Extracted entries section start

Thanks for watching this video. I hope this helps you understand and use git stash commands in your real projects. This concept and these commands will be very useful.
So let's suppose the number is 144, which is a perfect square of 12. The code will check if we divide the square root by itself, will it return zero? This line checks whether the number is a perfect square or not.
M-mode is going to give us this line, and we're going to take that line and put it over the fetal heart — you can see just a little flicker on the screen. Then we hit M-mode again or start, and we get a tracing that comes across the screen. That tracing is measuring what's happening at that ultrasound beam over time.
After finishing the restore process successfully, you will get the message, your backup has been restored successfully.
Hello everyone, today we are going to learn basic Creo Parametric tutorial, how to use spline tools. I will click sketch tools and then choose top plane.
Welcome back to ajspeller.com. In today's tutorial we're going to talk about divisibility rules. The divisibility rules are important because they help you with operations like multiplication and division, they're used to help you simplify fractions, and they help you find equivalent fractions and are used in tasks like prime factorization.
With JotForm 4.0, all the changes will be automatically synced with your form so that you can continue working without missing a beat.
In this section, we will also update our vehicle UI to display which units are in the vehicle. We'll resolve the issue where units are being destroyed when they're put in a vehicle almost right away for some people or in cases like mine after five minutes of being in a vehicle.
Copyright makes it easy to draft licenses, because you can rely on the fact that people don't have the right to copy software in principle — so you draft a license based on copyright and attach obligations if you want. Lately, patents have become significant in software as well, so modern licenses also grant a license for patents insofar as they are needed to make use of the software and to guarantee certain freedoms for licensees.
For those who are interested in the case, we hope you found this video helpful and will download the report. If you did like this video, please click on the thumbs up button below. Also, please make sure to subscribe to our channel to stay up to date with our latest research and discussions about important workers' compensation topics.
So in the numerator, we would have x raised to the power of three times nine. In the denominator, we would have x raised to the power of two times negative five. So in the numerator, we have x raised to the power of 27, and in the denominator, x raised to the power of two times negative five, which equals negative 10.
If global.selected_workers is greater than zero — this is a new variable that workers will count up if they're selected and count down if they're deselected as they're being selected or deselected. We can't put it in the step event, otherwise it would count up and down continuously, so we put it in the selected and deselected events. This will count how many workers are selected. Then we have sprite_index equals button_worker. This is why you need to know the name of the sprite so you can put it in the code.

Extracted entries section end

→ **Directions**
Each entry above must be repeated word for word.

→ **Task answer**
Thanks for watching this video. I hope this helps you understand and use git stash commands in your real projects. This concept and these commands will be very useful.
So let's suppose the number is 144, which is a perfect square of 12. The code will check if we divide the square root by itself, will it return zero? This line checks whether the number is a perfect square or not.
M-mode is going to give us this line, and we're going to take that line and put it over the fetal heart — you can see just a little flicker on the screen. Then we hit M-mode again or start, and we get a tracing that comes across the screen. That tracing is measuring what's happening at that ultrasound beam over time.
After finishing the restore process successfully, you will get the message, your backup has been restored successfully.
Hello everyone, today we are going to learn basic Creo Parametric tutorial, how to use spline tools. I will click sketch tools and then choose top plane.
Welcome back to ajspeller.com. In today's tutorial we're going to talk about divisibility rules. The divisibility rules are important because they help you with operations like multiplication and division, they're used to help you simplify fractions, and they help you find equivalent fractions and are used in tasks like prime factorization.
With JotForm 4.0, all the changes will be automatically synced with your form so that you can continue working without missing a beat.
In this section, we will also update our vehicle UI to display which units are in the vehicle. We'll resolve the issue where units are being destroyed when they're put in a vehicle almost right away for some people or in cases like mine after five minutes of being in a vehicle.
Copyright makes it easy to draft licenses, because you can rely on the fact that people don't have the right to copy software in principle — so you draft a license based on copyright and attach obligations if you want. Lately, patents have become significant in software as well, so modern licenses also grant a license for patents insofar as they are needed to make use of the software and to guarantee certain freedoms for licensees.
For those who are interested in the case, we hope you found this video helpful and will download the report. If you did like this video, please click on the thumbs up button below. Also, please make sure to subscribe to our channel to stay up to date with our latest research and discussions about important workers' compensation topics.
So in the numerator, we would have x raised to the power of three times nine. In the denominator, we would have x raised to the power of two times negative five. So in the numerator, we have x raised to the power of 27, and in the denominator, x raised to the power of two times negative five, which equals negative 10.
If global.selected_workers is greater than zero — this is a new variable that workers will count up if they're selected and count down if they're deselected as they're being selected or deselected. We can't put it in the step event, otherwise it would count up and down continuously, so we put it in the selected and deselected events. This will count how many workers are selected. Then we have sprite_index equals button_worker. This is why you need to know the name of the sprite so you can put it in the code.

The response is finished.